Par exemple un milliardaire de 70 ans, n'aurait plus besoin que d'une habitation et d'une somme d'argent estimable facilement, le reste serait donné aux bonnes oeuvres.



Evidemment ce genre d'opération comporte le risque de voir cet argent mal utilisé, et de plus il faut que la loi soit internationale pour éviter les fuites par la peur de la pauvreté pour soi-même.



En plus il faudrait calibrer les prix sur toute la planète pour éviter l'inflation, ce qui rendrait inutile l'opération.
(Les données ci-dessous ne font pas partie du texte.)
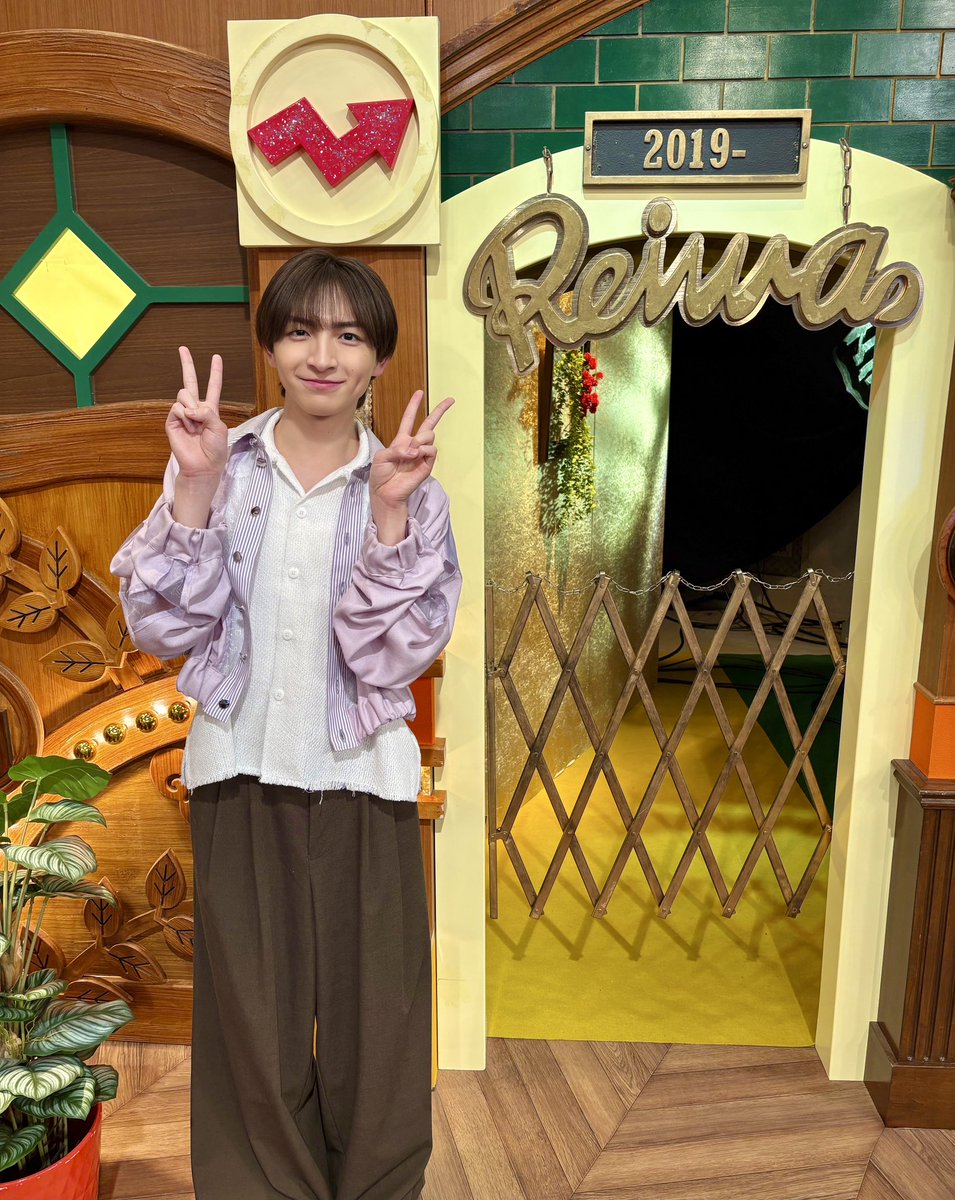 jr_official_X's tweet photo. 今日22:00から放送の
『 #THE世代感 』に
#川﨑皇輝 が出演します✌🏻👦🏻✌🏻

70年代〜80年代の渋谷から発見した
5つの謎を解き明かす🔍💡

ぜひご覧ください🎞️📽️✨ https://t.co/cNDYL9vqmQ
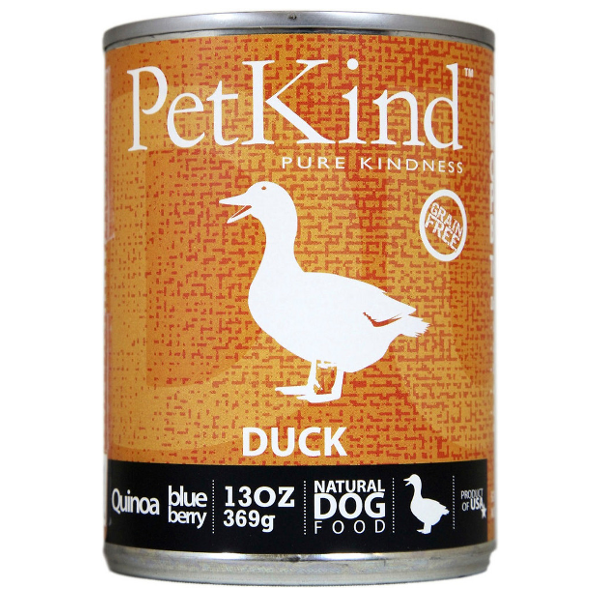 PetKind That's It! Duck Canned Dog Food, 13-oz - Mutts & Co.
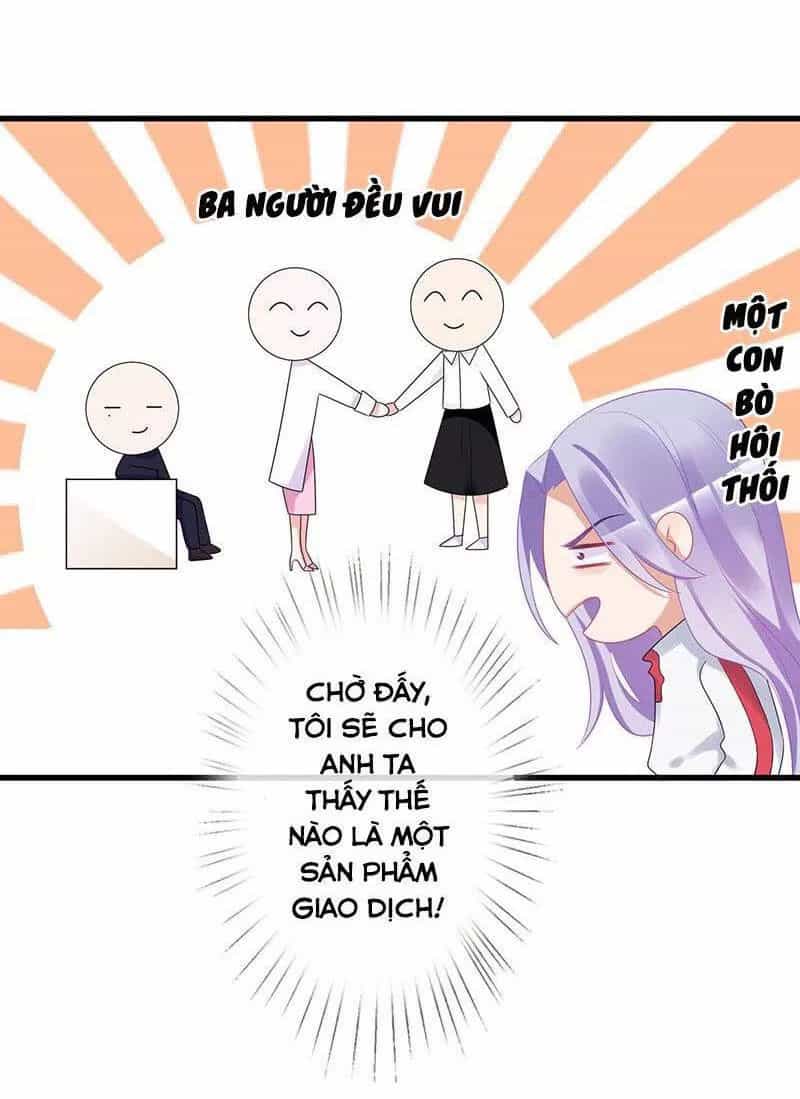 Vương Bài Thiên Sư Và Tiểu Manh Yêu - Chương 30 - ảnh 19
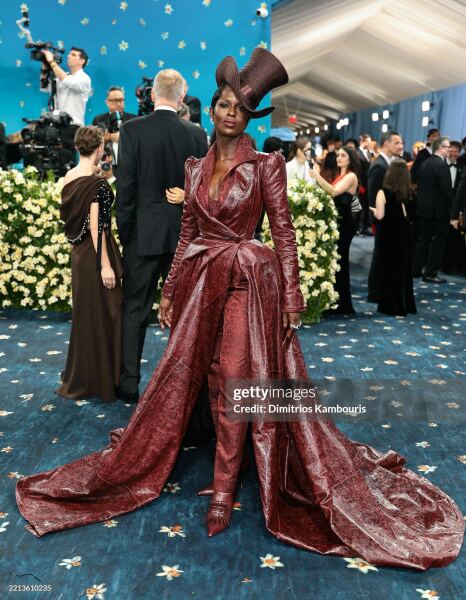 To ask if you'll be watching the MET Gala 2025 tonight?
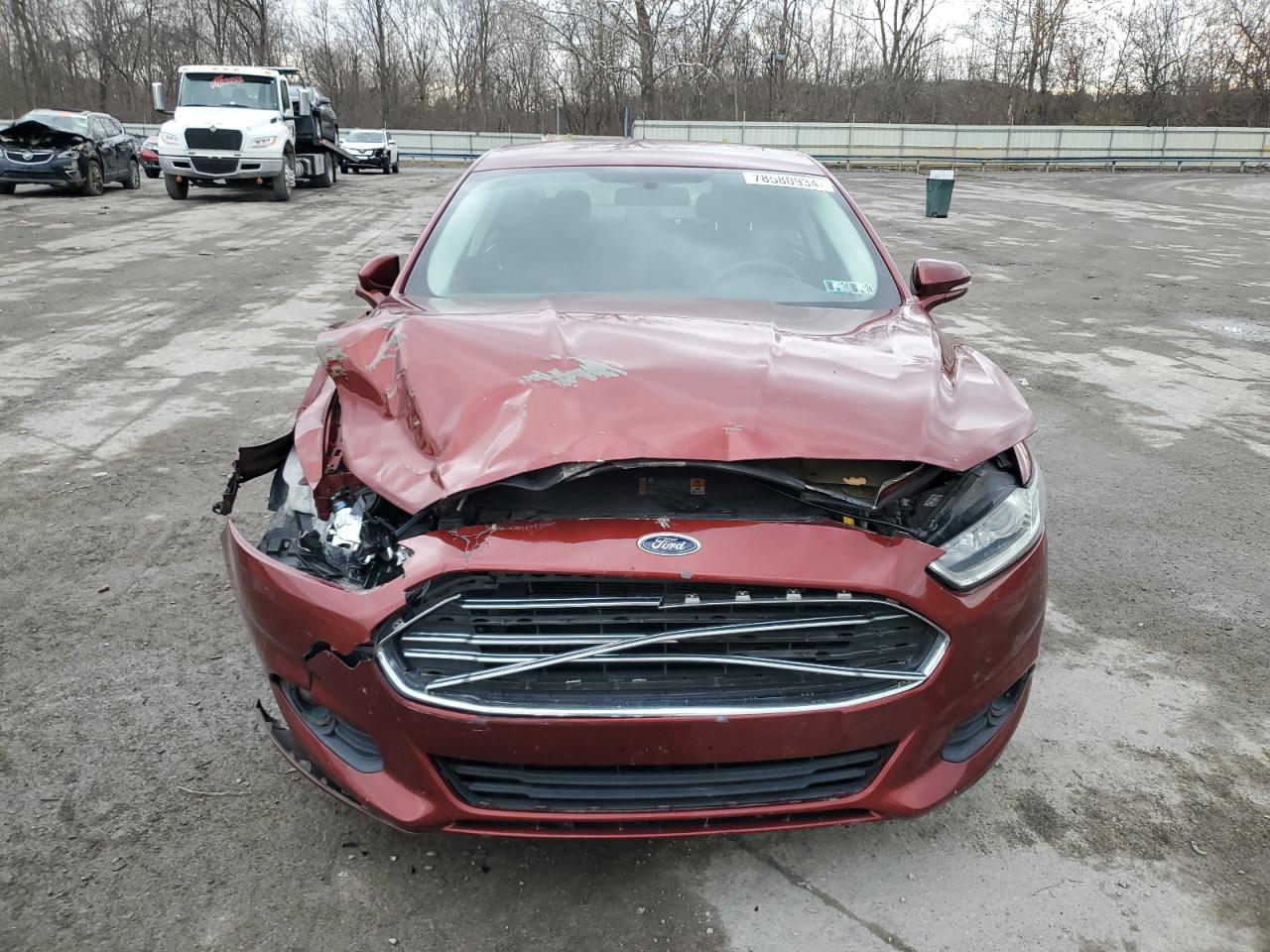 2014 Ford Fusion - Image 5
Cette idée n'étant pas sans rappeler le communisme, et les esprits étant bloqués à la prononciation de ce mot, ce ne serait pas facile quoi que moins difficile qu'à une époque où l'nformatique n'existait pas.



Et de toutes manière pour le communisme aussi, le problème n'était pas le système mais la moralité des humains, perfectibles par nécessité d'apprendre.



Ou alors une autre idée : de façon plus globale on peut mettre toutes les richesses privées en un seul lieu public, chacun serait dépouillé de Tout, mais en contrepartie chacun serait rémunéré de façon égale relativement à leur environnement monétaire.



Mais bon ce ne sont que des idées intermédiaires, qui ne feraient que retarder l'inéluctable et fatidiquement bénéfique soulèvement de la conscience populaire que la nécessité pousserait à se rassemble pour prendre en main eux-mêmes leur propre destin, et créer un système plus juste.



Certainement, les idées citées auraient lieu d'être, mais elles seraient mieux appropriées si c'était au sein d'un monde entièrement rénové, ayant abandonné la bourse, le capitalisme, les banques, les finances, la publicité, remplacé tout le commerce par une fédération commerciale dont le but est d'assurer le transport de l'information commerciale.



Ce même système informatique assurerait la répartition des tâches professionnelles, mais tout en se basant de façon algorithmique (composée mathématiquement) entre deux contradictions que sont les besoins du système en ressources humaines et les désirs et compétences de chacun.



Un tel système, aurait pour prérogative d'évaluer ce dont les humains ont besoin, que ce soit au niveau matériel ou au niveau psychosocial ; si par exemple la moitié des humains deviennent artistes ou bien religieux, dans ce cas le système aurait pour prérogative de les faire vivre, plutôt que de se faire vivre lui-même en tant que "système".



On en revient pour ainsi dire à ce fameux aristotélicisme, qui interdit de telles contradictions et impose des choix, tout en permettant la survie de celui qui impose les choix et la destruction de ceux qui choisissent, quels que soient leurs choix.



Le fondement de l'erreur paradigmatique est précisément celle qui donne naissance à l'idée de survie du système et non survie des humains (création d'un macro-virus), cette erreur consiste à conférer une définition et ne plus jamais avoir à refaire le travail intellectuel qui a donné lieu à cette définition.

Ce serait donc un système fondé sur la souplesse et l'évolution, un système fondé sur la recherche d'un équilibre impossible théoriquement mais dont on peut s'approcher perpétuellement.

Exactement le contraire du capitalisme (système théoriquement viable mais menant à la destruction globale).